Cold Cave – Mercury Lounge – February 4, 2010

It’s hard to even imagine what it would have been like to see the Cure perform in a club the size of Mercury Lounge in the early ’80s. You can’t just chalk it up to pure nostalgia—there’s definitely a reason their sound still resonates through any number of music subsets today. Cold Cave, a band whose name actually describes it perfectly, is one of the direct descendants of that sound. Legend has it the band formed when Wesley Eisold left a successful Boston punk band and started messing around with thrift-store Casio keyboards alongside friends Caralee McElroy, of Xiu Xiu, and Dominick Fernow, of experimental noise band Prurient. Their first 7″ single, “Painted Nails,” was released on Fernow’s Hospital Productions label and has brought about something of a resurgence of Cold Wave minimalist synth that traces its roots directly back to Kraftwerk, Throbbing Gristle and, of course, the original post-punks, Joy Division.

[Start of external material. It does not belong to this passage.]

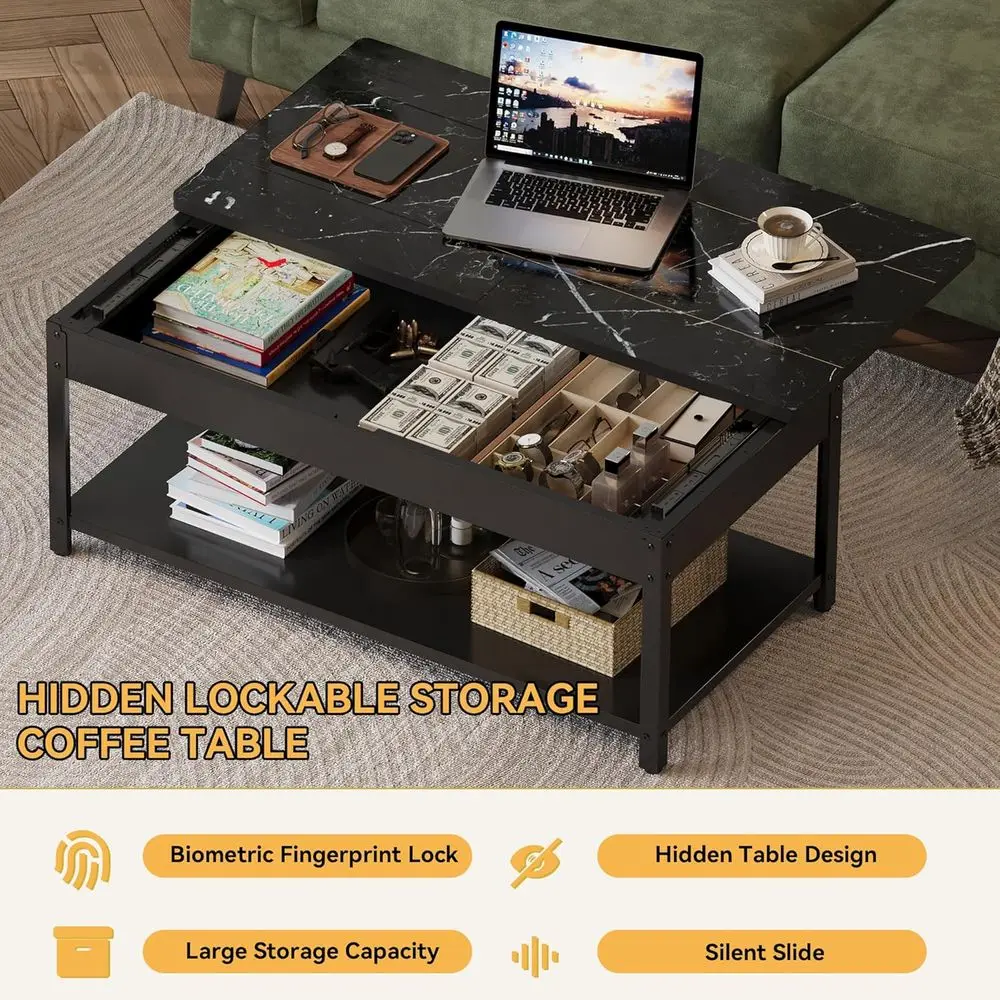 Biometric Safe Coffee Table for Firearms, Wine, and Valuables Storage in Black Marble and Wood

An emaciated Eisold barely moved behind a massive Moog voyager, but he worked up a sweat singing in his slight crooning baritone, with an ingrained punk burst of nihilistic vocals, hands clasped behind his back, looking scarily close to Mr. “Love Will Tear Us Apart” himself. Eisold barely mumbled “thanks” before going into the next pounding inhuman beat from Cold Cave’s debut, Love Comes Close. McElroy played off Eisold’s darkness with her own heavily echoed melodic delivery on songs like “Life Magazine” and providing a back-and-forth harmony on “The Tree’s Grew Emotions and Died,” sort of like an industrial Goth version of the Human League.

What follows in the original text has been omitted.